My boss Dan and I spent the day at our printer. We were suppose to start press checking--or more accurately, color checking--our print project, a nurse book for a hospital, at 10 am. Due to some mix ups, we didn't get started until 3 pm.

The place was amazingly similar to any other American printer. They had some old equipment and they had some new equipment. They seemed professional and dedicated. Their printing plants were older buildings, but very clean. The only thing that seemed less than perfect was the guest quarters.



The press check ran until about 4 am, so it was a long day. But after 18 hours, our project was done. We took a cab back to the hotel to sleep a few hours...

Monday, January 28, 2008

The Seoul Subway

After our Sunday morning meeting with Jake, our customer service rep from the printing plant, Dan and I decided to see some sights. We had done the thirteen hour flight with little or no sleep and hoped to extend that throughout the rest of the day so we could better adjust to Korean time, waiting for night before sleeping again.


We survived the first day without getting arrested, but it wasn’t for a lack of trying. We discovered the Seoul subway system and decided to find the city’s key tourist sight, the Gyeongbokgung Palace. The subway system here is very extensive and for a tourist, a cheap way to get around and see how the average person lives and commutes.

There are over twenty-one million people in and around Seoul, making it the second largest metropolitan area in the world.
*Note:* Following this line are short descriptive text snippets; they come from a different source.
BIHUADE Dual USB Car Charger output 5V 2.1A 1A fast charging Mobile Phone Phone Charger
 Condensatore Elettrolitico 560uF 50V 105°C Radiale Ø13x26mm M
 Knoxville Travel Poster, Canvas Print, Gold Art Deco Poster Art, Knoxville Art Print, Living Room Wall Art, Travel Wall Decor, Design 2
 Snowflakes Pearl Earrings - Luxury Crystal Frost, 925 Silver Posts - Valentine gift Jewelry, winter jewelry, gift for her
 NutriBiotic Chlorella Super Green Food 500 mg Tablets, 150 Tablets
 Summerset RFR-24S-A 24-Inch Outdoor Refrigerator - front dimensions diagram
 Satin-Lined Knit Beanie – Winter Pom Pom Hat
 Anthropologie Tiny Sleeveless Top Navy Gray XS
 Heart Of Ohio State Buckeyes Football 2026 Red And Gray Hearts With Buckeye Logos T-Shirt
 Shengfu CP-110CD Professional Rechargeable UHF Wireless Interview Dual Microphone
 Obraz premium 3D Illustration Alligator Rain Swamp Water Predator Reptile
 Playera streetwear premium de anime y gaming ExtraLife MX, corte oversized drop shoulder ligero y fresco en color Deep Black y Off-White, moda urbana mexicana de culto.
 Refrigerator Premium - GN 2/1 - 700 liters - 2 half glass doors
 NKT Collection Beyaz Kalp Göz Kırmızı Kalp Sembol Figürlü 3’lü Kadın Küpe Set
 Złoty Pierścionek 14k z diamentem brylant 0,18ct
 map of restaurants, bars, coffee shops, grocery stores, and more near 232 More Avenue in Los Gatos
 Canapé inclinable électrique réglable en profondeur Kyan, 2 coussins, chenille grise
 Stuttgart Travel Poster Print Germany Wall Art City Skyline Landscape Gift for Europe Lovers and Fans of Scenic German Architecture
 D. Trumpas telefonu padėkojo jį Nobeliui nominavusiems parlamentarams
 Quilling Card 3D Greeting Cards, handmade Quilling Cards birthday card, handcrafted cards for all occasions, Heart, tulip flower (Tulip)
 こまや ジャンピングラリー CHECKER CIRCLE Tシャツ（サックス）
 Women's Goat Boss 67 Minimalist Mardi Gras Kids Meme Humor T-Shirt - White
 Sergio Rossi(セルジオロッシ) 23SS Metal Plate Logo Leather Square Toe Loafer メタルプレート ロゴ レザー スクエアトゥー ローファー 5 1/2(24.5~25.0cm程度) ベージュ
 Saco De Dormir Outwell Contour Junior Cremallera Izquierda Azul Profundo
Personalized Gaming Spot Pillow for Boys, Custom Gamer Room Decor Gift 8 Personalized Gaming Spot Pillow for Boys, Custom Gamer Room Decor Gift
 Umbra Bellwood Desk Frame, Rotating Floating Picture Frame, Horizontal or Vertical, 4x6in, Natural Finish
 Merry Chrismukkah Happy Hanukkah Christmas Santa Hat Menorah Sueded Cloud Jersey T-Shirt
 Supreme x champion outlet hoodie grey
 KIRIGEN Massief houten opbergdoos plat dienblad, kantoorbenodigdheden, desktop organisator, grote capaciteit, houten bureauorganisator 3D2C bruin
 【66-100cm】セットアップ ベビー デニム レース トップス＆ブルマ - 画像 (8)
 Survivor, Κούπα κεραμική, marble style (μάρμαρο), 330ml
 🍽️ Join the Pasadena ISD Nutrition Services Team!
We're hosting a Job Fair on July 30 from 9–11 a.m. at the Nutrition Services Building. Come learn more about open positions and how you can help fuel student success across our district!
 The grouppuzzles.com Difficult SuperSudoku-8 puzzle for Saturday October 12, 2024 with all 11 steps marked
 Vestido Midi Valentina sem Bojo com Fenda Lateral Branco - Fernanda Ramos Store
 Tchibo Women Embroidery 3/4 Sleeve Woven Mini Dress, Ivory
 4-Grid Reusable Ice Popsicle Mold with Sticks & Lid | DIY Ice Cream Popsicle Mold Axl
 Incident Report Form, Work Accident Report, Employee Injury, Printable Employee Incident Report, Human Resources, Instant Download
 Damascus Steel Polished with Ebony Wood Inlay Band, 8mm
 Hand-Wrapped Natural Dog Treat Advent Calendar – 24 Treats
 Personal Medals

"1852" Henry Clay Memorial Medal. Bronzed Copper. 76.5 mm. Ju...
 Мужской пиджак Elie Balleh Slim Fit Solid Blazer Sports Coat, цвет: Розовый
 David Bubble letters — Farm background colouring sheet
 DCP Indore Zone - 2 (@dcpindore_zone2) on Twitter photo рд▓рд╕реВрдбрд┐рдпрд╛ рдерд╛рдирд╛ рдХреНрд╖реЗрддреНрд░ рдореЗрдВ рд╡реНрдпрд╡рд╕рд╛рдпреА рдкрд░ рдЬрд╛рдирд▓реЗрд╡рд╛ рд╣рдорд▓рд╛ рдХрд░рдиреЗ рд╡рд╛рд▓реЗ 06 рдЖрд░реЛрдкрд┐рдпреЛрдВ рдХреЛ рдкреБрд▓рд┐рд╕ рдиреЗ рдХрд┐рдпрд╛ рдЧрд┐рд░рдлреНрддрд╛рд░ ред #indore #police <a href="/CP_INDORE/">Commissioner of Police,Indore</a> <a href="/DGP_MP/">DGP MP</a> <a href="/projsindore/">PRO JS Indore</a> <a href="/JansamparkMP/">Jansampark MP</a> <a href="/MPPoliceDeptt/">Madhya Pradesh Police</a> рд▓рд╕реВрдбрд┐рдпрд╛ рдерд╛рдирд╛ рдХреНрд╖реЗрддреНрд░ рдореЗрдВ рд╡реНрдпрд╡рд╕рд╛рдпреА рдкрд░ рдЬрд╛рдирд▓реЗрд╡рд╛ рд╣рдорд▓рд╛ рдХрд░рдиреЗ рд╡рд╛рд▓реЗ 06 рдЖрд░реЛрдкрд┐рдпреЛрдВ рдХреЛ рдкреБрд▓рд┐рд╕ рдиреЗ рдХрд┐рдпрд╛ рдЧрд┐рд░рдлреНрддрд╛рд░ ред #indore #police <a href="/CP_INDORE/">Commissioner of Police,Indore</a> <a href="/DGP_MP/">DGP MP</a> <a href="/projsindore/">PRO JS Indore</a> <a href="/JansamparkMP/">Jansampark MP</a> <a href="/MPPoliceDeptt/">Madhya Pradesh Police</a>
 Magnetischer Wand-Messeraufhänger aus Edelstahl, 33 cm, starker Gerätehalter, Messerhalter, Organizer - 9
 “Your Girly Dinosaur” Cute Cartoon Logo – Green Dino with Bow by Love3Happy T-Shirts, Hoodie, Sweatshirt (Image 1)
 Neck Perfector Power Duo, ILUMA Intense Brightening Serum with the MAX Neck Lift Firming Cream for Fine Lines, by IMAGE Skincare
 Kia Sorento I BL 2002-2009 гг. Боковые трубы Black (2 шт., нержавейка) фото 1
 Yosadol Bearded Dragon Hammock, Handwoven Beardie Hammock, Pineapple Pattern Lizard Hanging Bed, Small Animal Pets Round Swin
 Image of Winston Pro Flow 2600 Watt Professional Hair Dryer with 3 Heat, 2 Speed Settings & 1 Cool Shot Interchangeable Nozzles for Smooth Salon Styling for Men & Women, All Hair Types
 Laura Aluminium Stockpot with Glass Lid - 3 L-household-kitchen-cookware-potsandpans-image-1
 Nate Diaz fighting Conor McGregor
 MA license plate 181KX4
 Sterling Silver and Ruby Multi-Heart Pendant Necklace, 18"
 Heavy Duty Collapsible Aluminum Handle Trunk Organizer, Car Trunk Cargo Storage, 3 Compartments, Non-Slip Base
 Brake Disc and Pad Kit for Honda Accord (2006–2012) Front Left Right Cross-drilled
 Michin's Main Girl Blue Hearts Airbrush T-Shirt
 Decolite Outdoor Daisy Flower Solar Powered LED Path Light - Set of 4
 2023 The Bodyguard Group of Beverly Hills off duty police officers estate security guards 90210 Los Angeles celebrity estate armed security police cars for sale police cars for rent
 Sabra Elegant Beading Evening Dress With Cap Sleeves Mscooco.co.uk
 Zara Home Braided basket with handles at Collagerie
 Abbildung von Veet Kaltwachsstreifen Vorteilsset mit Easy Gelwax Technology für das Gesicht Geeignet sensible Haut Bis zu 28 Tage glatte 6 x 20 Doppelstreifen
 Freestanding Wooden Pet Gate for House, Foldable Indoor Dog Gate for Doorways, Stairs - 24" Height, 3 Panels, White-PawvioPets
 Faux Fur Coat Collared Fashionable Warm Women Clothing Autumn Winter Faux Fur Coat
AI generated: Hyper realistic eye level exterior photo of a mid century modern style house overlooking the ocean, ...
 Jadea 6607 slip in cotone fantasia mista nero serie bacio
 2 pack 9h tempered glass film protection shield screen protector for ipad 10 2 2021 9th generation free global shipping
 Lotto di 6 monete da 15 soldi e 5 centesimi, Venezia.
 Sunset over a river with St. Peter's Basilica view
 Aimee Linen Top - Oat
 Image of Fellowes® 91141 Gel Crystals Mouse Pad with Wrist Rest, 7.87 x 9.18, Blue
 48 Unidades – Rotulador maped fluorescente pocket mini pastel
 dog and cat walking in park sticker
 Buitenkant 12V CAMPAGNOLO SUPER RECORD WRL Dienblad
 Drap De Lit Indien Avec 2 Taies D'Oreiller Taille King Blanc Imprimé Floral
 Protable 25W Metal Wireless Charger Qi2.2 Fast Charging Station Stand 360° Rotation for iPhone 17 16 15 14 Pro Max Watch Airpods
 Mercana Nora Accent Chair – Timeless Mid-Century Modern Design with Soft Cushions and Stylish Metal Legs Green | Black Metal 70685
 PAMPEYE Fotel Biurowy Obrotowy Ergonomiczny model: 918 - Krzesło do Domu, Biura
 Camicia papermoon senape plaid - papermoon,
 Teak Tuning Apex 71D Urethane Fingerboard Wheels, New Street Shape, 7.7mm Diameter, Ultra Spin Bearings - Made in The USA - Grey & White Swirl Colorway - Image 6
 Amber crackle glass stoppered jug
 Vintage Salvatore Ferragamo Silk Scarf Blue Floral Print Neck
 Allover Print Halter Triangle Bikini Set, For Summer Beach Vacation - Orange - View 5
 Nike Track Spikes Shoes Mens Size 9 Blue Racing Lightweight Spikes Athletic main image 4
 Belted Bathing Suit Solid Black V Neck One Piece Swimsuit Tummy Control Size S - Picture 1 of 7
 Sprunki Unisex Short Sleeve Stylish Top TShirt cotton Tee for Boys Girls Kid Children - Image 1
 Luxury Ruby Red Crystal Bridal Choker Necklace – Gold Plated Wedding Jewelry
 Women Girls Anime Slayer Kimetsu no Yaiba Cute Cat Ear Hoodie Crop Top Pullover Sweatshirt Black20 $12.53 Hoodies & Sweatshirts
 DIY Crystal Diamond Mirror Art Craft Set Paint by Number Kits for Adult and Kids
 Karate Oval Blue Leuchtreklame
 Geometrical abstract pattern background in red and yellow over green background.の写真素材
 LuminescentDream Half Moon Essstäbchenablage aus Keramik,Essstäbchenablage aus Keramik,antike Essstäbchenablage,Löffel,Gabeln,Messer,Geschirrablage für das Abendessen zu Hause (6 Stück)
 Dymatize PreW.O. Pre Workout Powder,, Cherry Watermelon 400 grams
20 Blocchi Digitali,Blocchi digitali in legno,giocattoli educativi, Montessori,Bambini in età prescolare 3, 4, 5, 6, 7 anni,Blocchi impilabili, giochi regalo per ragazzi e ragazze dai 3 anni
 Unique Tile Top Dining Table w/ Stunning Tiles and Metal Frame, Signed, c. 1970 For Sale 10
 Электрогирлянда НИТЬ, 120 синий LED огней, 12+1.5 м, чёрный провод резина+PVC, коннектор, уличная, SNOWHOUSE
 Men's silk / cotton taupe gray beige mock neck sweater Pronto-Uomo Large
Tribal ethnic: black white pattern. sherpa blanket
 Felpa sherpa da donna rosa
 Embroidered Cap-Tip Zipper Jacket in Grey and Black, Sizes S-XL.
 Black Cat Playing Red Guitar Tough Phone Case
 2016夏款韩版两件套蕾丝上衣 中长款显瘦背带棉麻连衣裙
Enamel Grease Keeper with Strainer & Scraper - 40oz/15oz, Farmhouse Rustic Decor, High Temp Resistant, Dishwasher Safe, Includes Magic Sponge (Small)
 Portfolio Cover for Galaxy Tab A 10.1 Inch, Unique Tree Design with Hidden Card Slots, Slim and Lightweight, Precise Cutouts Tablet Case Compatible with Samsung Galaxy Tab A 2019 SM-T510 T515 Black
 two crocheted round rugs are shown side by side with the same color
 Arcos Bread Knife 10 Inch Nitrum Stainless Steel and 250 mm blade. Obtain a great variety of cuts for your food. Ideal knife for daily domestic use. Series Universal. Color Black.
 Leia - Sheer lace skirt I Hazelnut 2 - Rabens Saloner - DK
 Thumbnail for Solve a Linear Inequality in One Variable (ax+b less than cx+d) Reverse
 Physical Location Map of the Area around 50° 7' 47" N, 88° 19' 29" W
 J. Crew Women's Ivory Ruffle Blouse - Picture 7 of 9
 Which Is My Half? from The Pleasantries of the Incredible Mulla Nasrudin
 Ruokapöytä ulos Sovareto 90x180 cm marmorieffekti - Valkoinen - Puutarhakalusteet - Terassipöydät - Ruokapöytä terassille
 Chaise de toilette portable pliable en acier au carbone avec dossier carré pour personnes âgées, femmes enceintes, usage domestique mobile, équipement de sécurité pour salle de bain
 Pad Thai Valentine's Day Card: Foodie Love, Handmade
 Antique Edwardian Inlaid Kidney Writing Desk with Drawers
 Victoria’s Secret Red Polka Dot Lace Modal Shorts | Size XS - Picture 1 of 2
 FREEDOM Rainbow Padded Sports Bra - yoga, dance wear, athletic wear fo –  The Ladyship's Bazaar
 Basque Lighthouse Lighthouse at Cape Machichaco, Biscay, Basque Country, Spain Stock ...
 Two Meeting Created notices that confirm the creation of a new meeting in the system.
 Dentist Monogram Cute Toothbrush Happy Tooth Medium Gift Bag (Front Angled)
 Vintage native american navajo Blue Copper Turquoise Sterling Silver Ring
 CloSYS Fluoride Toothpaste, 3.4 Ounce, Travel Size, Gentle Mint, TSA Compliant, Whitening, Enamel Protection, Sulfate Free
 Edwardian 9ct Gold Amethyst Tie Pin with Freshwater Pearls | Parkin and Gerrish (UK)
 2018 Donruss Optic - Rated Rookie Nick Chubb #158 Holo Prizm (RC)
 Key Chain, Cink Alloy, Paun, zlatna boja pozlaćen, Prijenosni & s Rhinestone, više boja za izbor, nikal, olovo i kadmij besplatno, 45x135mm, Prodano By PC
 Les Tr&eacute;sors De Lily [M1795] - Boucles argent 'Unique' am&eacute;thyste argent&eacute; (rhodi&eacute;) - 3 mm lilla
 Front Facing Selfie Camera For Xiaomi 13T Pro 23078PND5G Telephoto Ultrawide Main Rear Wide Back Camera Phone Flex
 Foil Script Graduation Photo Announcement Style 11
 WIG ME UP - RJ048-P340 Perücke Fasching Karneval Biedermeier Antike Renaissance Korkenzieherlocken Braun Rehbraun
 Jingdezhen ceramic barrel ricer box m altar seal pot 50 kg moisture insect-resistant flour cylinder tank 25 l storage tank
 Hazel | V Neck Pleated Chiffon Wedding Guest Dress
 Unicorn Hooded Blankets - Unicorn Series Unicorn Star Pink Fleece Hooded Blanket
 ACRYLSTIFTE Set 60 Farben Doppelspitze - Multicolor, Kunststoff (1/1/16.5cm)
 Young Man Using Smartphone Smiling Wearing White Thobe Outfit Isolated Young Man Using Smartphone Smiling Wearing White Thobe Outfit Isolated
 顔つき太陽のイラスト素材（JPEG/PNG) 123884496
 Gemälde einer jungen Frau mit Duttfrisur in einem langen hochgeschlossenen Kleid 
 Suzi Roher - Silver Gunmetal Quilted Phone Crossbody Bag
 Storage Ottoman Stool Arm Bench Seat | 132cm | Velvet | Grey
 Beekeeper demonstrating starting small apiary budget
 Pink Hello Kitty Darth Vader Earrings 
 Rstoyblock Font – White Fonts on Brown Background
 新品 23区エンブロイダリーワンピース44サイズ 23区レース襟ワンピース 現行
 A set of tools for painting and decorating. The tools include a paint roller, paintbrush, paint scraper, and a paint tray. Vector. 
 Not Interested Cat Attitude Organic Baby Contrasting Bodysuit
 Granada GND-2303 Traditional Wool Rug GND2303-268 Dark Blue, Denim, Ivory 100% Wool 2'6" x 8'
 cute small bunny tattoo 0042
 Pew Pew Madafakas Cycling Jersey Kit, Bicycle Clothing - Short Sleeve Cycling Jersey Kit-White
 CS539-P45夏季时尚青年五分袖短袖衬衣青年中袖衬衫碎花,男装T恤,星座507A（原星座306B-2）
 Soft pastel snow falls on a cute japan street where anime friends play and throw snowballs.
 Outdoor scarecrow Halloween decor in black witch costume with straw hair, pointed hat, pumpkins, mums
Imagine a city seven times larger than the entire Phoenix metropolitan area. Dan said that when he gets home, he will never complain about traffic again (or for that matter, two and a half hour flights back and forth to the Midwest). Getting around Seoul isn’t that bad, as long as you don’t have a problem with crowds. And since I was born and raised in a town of 747 people, it is hard for me to be around this many people without being extremely aware of it. The subway was standing room only on a Sunday afternoon. We couldn’t imagine what it would be like during the work week.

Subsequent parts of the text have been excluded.